Kundera and Hayek have given us strong evidence against taking an analog-exclusive (unity-only) or a digital-exclusive (pluralist-only) view. Hayek gives an alternative in his argument for a combination of digital and analog, of individual and social – and even of a naturalistic and a socially constructed reality – that create a hierarchy of social interactions. What he argues for is a social-economic system that is in fact a system – a dissipative-structure system scalarly similar to every other system found in the universe, with the principles/game rules as the strange attractors of that system. It is a social system that reflects Hutcheson’s definition of beauty – which should not be surprising. “Unity in plurality is a cultural outlook that fosters friendship and avoids wars and armed conflicts. It is an essentially peaceful worldview” (Fuchs, 45).

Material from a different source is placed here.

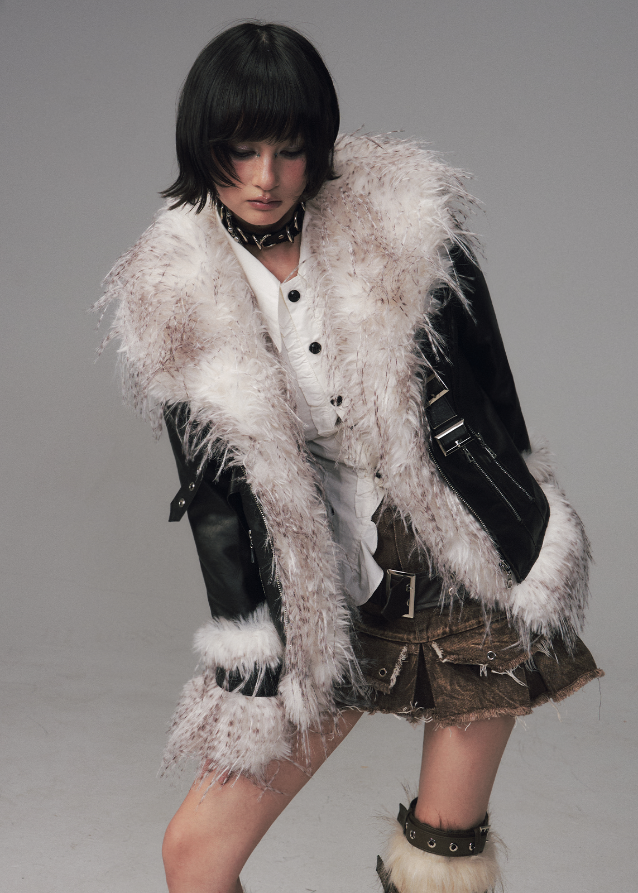 Frustration Garden coat, edgy fur collar jacket, grunge winter coat, punk faux fur jacket, shaggy collar coat, retro rub dye jacket, short padded winter coat, alternative fashion outerwear, goth streetwear coat, distressed fur trim jacket women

Thursday, December 13, 2007

II. Angels and Demons – The Noetic Dangers of the Analog-Only World-View

In The Book of Laughter and Forgetting Milan Kundera gives an excellent explanation of the tragic aesthetic-ethical-political ramifications of having an analogical view of the world, seeing the world as either continuous meaning or continuous nihilism, in his discussion of the different forms of laughter, demonic and angelic, in “Part 3 – The Angels, Chapter 4 (On Two Kinds of Laughter)”, which simply must be quoted at length to be fully understood:

To see the devil as a partisan of Evil and an angel as a warrior on the side of Good is to accept the demagogy of the angels. Things are of course more complicated than that.
Angels are partisans not of Good but of divine creation. The devil, on the other hand, is the one who refuses to grant any rational meaning to that divinely created world.
Dominion over the world, as we know, is divided between angels and devils. The good of the world, however, implies not that the angels have the advantage over the devils . . . but that the powers of the two sides are nearly in equilibrium. If there were too much incontestable meaning in the world (the angels’ power), man would succumb under its weight. If the world were to lose all its meaning (the devils’ reign), we could not live either.
Things deprived suddenly of their supposed meaning, of the place assigned to them in the so-called order of things . . ., make us laugh. In origin, laughter is thus of the devil’s domain. It has something malicious about it (things suddenly turning out different from what they pretended to be), but to some extent also a beneficent relief (things are less weighty than they appeared to be, letting us live more freely, no longer oppressing us with their austere seriousness).
The first time an angel heard the devil’s laughter, he was dumbfounded. That happened at a feast in a crowded room, where the devil’s laughter, which is terribly contagious, spread from one person to another. The angel clearly understood that such laughter was directed against God and against the dignity of his works. He knew that he must react swiftly somehow, but felt weak and defenseless. Unable to come up with anything of his own, he aped his adversary. Opening his mouth, he emitted broken, spasmodic sounds in the higher reaches of his vocal range . . . , but giving them an opposite meaning: whereas the devil’s laughter denoted the absurdity of things, the angel on the contrary meant to rejoice over how well ordered, wisely conceived, good, and meaningful everything here below was.
Thus the angel and the devil faced each other and, mouths wide open, emitted nearly the same sounds, but each one’s noise expressed the absolute opposite of the other’s. And seeing the angel laugh, the devil laughed all the more, all the harder, and all the more blatantly, because the laughing angel was infinitely comical.
Laughable laughter is disastrous. Even so, the angels have gained something from it. They have tricked us with a semantic imposture. Their imitation of laughter and (the devil’s) original laughter are both called by the same name. Nowadays we don’t even realize that the same external display serves two absolutely opposed internal attitudes. There are two laughters, and we have no word to tell one from the other (85-87).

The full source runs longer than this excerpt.